Exercise requirements
The response must contain every line of the records that follow, duplicated exactly.

(Stored data entries)
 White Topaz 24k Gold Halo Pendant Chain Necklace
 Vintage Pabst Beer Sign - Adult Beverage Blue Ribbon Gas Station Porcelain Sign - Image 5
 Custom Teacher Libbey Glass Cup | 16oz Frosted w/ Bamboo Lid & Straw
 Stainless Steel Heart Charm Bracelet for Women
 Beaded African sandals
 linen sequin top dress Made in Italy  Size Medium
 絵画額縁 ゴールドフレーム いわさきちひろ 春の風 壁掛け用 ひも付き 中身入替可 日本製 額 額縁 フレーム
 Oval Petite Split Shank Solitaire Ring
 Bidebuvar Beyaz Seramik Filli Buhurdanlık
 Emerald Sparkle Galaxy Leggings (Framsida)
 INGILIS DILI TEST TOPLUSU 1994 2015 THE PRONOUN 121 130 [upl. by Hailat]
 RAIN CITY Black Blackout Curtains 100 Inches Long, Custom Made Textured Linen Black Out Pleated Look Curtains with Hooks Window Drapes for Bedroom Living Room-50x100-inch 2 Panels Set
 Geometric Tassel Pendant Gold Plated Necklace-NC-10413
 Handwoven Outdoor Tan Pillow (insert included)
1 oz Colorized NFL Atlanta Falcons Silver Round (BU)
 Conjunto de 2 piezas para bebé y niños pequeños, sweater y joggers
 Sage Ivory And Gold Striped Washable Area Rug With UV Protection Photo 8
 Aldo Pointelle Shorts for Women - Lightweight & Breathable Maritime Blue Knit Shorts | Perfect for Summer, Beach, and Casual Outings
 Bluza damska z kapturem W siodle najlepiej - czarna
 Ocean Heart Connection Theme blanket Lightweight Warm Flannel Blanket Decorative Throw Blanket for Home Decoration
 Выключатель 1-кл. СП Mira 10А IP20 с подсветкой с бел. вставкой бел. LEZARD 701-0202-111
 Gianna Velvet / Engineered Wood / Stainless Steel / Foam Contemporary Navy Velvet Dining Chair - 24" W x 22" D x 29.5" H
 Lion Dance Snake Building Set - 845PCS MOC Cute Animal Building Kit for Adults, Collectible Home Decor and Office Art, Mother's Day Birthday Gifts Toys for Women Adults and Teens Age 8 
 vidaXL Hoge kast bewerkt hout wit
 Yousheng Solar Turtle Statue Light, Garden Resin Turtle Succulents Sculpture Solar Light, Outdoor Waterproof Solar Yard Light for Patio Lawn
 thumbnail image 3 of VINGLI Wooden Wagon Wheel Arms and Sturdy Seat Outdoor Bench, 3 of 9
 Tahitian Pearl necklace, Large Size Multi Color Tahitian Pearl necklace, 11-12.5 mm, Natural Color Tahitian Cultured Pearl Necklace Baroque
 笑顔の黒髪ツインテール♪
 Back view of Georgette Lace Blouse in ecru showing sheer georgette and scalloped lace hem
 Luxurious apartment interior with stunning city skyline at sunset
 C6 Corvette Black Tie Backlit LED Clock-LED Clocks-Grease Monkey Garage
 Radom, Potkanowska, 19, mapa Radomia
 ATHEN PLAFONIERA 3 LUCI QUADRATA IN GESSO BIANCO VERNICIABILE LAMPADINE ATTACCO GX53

Worked solution
 White Topaz 24k Gold Halo Pendant Chain Necklace
 Vintage Pabst Beer Sign - Adult Beverage Blue Ribbon Gas Station Porcelain Sign - Image 5
 Custom Teacher Libbey Glass Cup | 16oz Frosted w/ Bamboo Lid & Straw
 Stainless Steel Heart Charm Bracelet for Women
 Beaded African sandals
 linen sequin top dress Made in Italy  Size Medium
 絵画額縁 ゴールドフレーム いわさきちひろ 春の風 壁掛け用 ひも付き 中身入替可 日本製 額 額縁 フレーム
 Oval Petite Split Shank Solitaire Ring
 Bidebuvar Beyaz Seramik Filli Buhurdanlık
 Emerald Sparkle Galaxy Leggings (Framsida)
 INGILIS DILI TEST TOPLUSU 1994 2015 THE PRONOUN 121 130 [upl. by Hailat]
 RAIN CITY Black Blackout Curtains 100 Inches Long, Custom Made Textured Linen Black Out Pleated Look Curtains with Hooks Window Drapes for Bedroom Living Room-50x100-inch 2 Panels Set
 Geometric Tassel Pendant Gold Plated Necklace-NC-10413
 Handwoven Outdoor Tan Pillow (insert included)
1 oz Colorized NFL Atlanta Falcons Silver Round (BU)
 Conjunto de 2 piezas para bebé y niños pequeños, sweater y joggers
 Sage Ivory And Gold Striped Washable Area Rug With UV Protection Photo 8
 Aldo Pointelle Shorts for Women - Lightweight & Breathable Maritime Blue Knit Shorts | Perfect for Summer, Beach, and Casual Outings
 Bluza damska z kapturem W siodle najlepiej - czarna
 Ocean Heart Connection Theme blanket Lightweight Warm Flannel Blanket Decorative Throw Blanket for Home Decoration
 Выключатель 1-кл. СП Mira 10А IP20 с подсветкой с бел. вставкой бел. LEZARD 701-0202-111
 Gianna Velvet / Engineered Wood / Stainless Steel / Foam Contemporary Navy Velvet Dining Chair - 24" W x 22" D x 29.5" H
 Lion Dance Snake Building Set - 845PCS MOC Cute Animal Building Kit for Adults, Collectible Home Decor and Office Art, Mother's Day Birthday Gifts Toys for Women Adults and Teens Age 8 
 vidaXL Hoge kast bewerkt hout wit
 Yousheng Solar Turtle Statue Light, Garden Resin Turtle Succulents Sculpture Solar Light, Outdoor Waterproof Solar Yard Light for Patio Lawn
 thumbnail image 3 of VINGLI Wooden Wagon Wheel Arms and Sturdy Seat Outdoor Bench, 3 of 9
 Tahitian Pearl necklace, Large Size Multi Color Tahitian Pearl necklace, 11-12.5 mm, Natural Color Tahitian Cultured Pearl Necklace Baroque
 笑顔の黒髪ツインテール♪
 Back view of Georgette Lace Blouse in ecru showing sheer georgette and scalloped lace hem
 Luxurious apartment interior with stunning city skyline at sunset
 C6 Corvette Black Tie Backlit LED Clock-LED Clocks-Grease Monkey Garage
 Radom, Potkanowska, 19, mapa Radomia
 ATHEN PLAFONIERA 3 LUCI QUADRATA IN GESSO BIANCO VERNICIABILE LAMPADINE ATTACCO GX53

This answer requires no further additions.